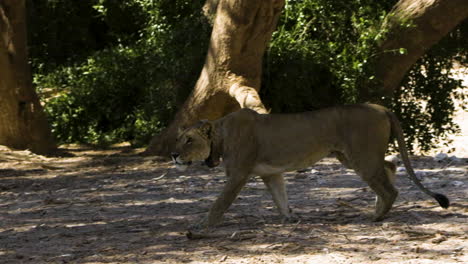 desert adapted lioness moves tensely forward in the shade of old trees in namibia's hoanib valley. then she sits down and observes her surroundings. sie is wearing a collar for wildlife research.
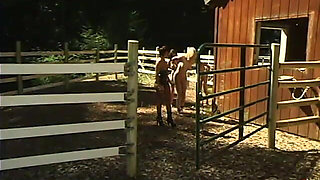 Adrianna Nicole, Annie Cruz, Sandra Romain, Kat, Lee Stone and Mark Davis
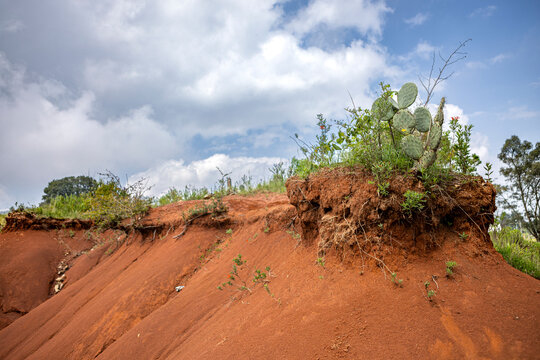 Nopal en las Dunas rojas en Amealco de Bonfil, Quer&eacute;taro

* Exercise details *
Transcribe each line above exactly, pictures excluded.

* Your response *
 desert adapted lioness moves tensely forward in the shade of old trees in namibia's hoanib valley. then she sits down and observes her surroundings. sie is wearing a collar for wildlife research.
 Adrianna Nicole, Annie Cruz, Sandra Romain, Kat, Lee Stone and Mark Davis
 Nopal en las Dunas rojas en Amealco de Bonfil, Quer&eacute;taro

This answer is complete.